▶ **What is expected**
Exact copies of all entries are needed. Pictures are to be left out.

▶ **Supplied information**
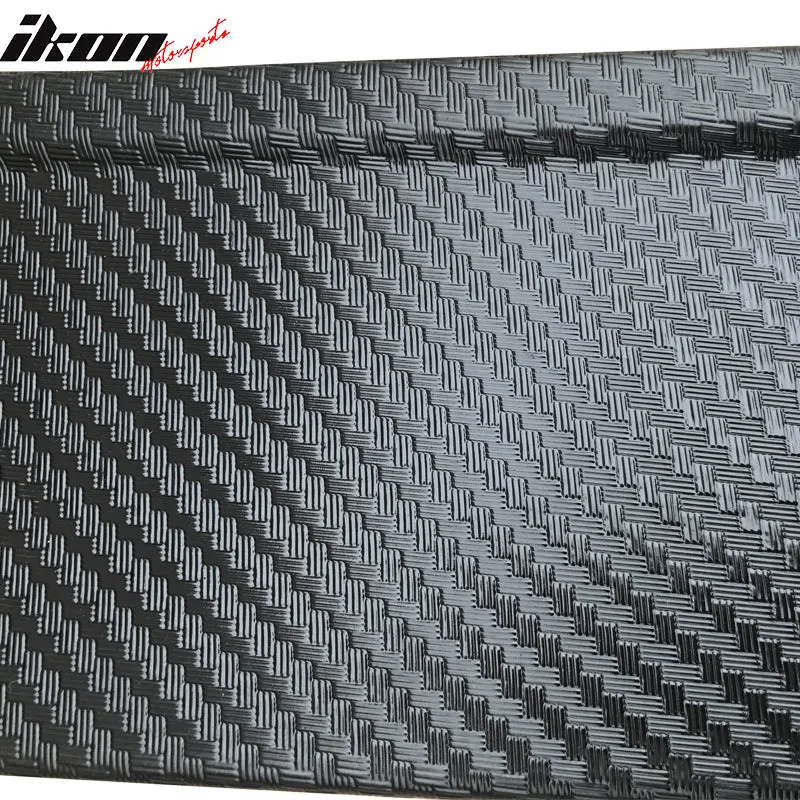 Fits 04-10 BMW E60 Carbon Texture Side Skirts Ext Flat Bottom Line Lip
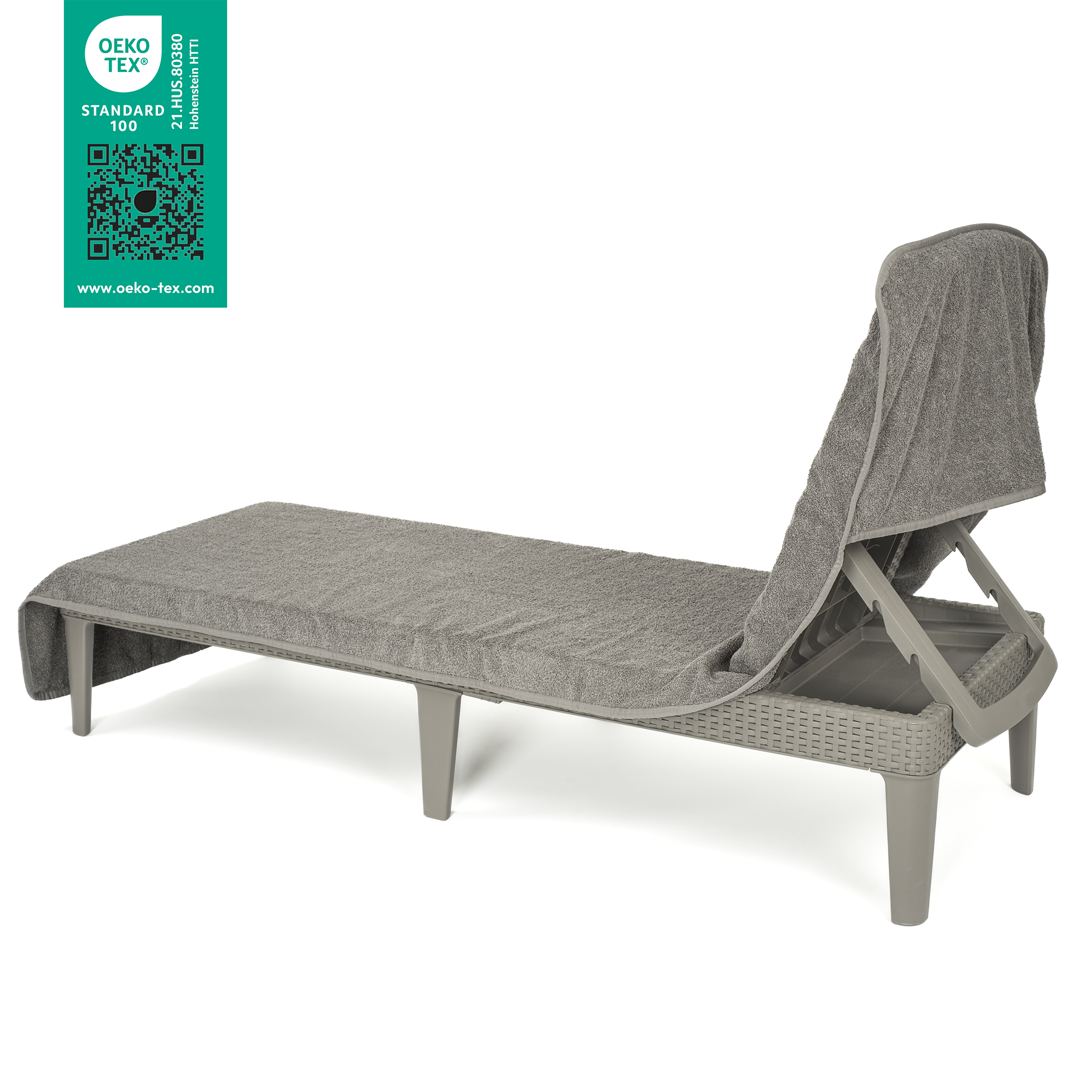 American-softlinen - Chaise Lounge Covers Towels - Gray - 5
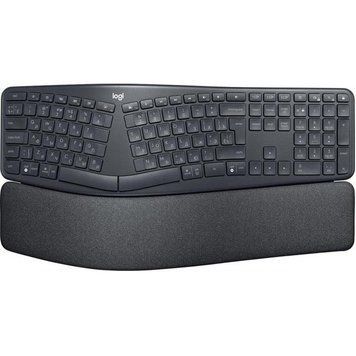 Клавіатура бездротова Logitech Ergo K860 Bluetooth/Wireless UA Black (920-010108) Logitech купити в Україні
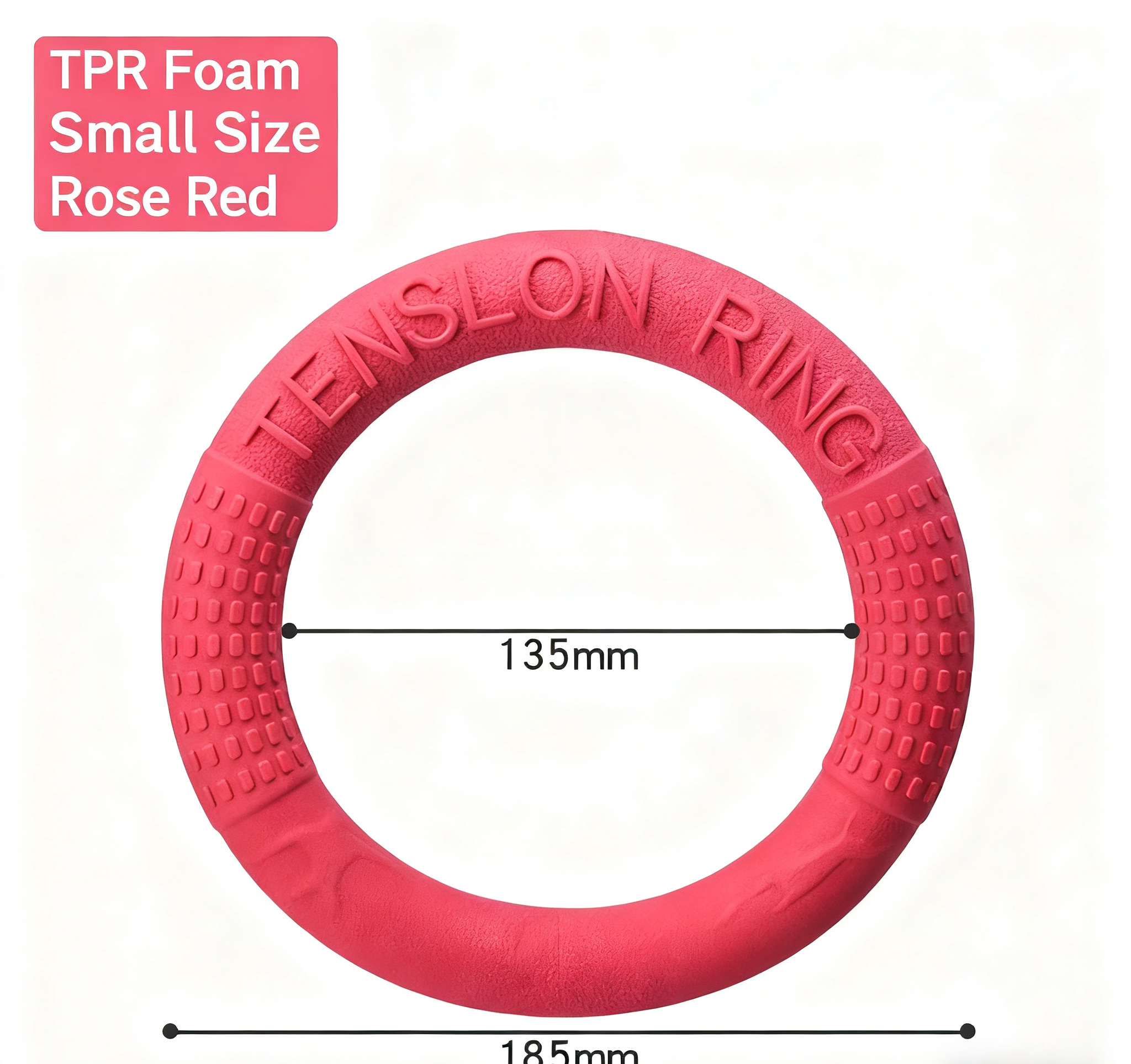 TPR Floating Dog Ring Toy, Chew‑Resistant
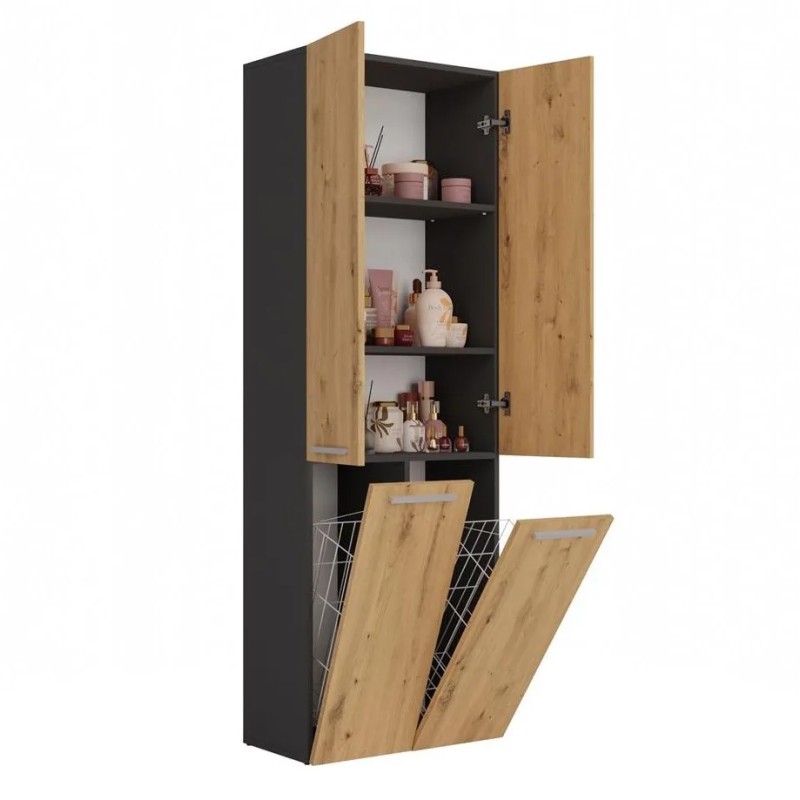 Szafa łazienkowa z koszami NOLAN 2K DD | Beautysofa24.pl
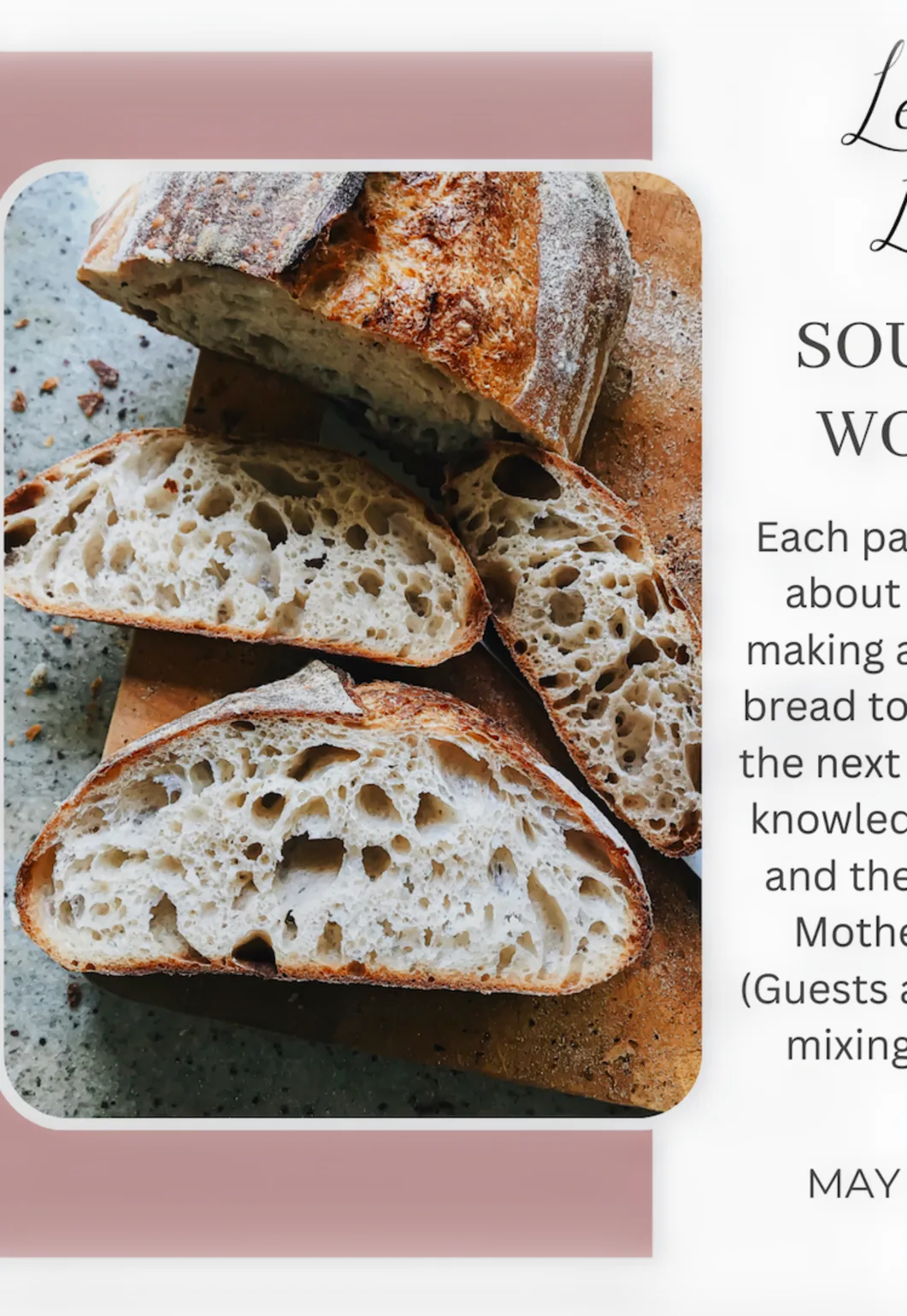 Sourdough 101 Workshop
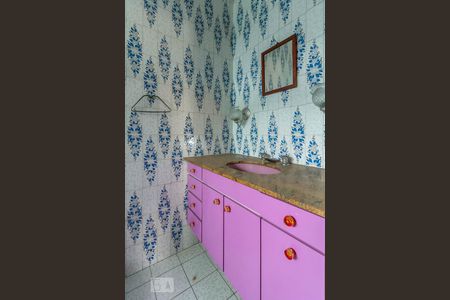Banheiro da suíte de casa para alugar com 4 quartos, 180m² em Centro, São Bernardo do Campo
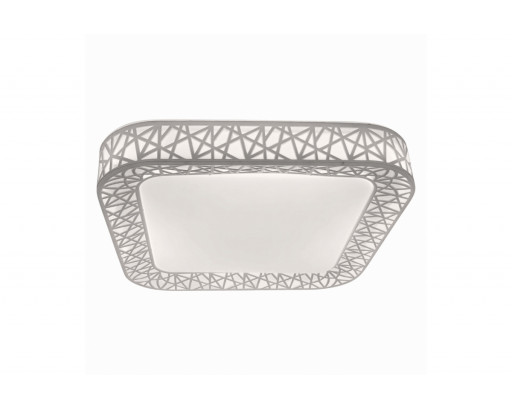 Светильник LED  управляемый LEEK  75W LOFT-W БЕЛЫЙ 3000-6500К (3700-6300-3900лм) d476х90 пульт ДУ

▶ **Result for this task**
 Fits 04-10 BMW E60 Carbon Texture Side Skirts Ext Flat Bottom Line Lip
 American-softlinen - Chaise Lounge Covers Towels - Gray - 5
 Клавіатура бездротова Logitech Ergo K860 Bluetooth/Wireless UA Black (920-010108) Logitech купити в Україні
 TPR Floating Dog Ring Toy, Chew‑Resistant
 Szafa łazienkowa z koszami NOLAN 2K DD | Beautysofa24.pl
 Sourdough 101 Workshop
Banheiro da suíte de casa para alugar com 4 quartos, 180m² em Centro, São Bernardo do Campo
 Светильник LED  управляемый LEEK  75W LOFT-W БЕЛЫЙ 3000-6500К (3700-6300-3900лм) d476х90 пульт ДУ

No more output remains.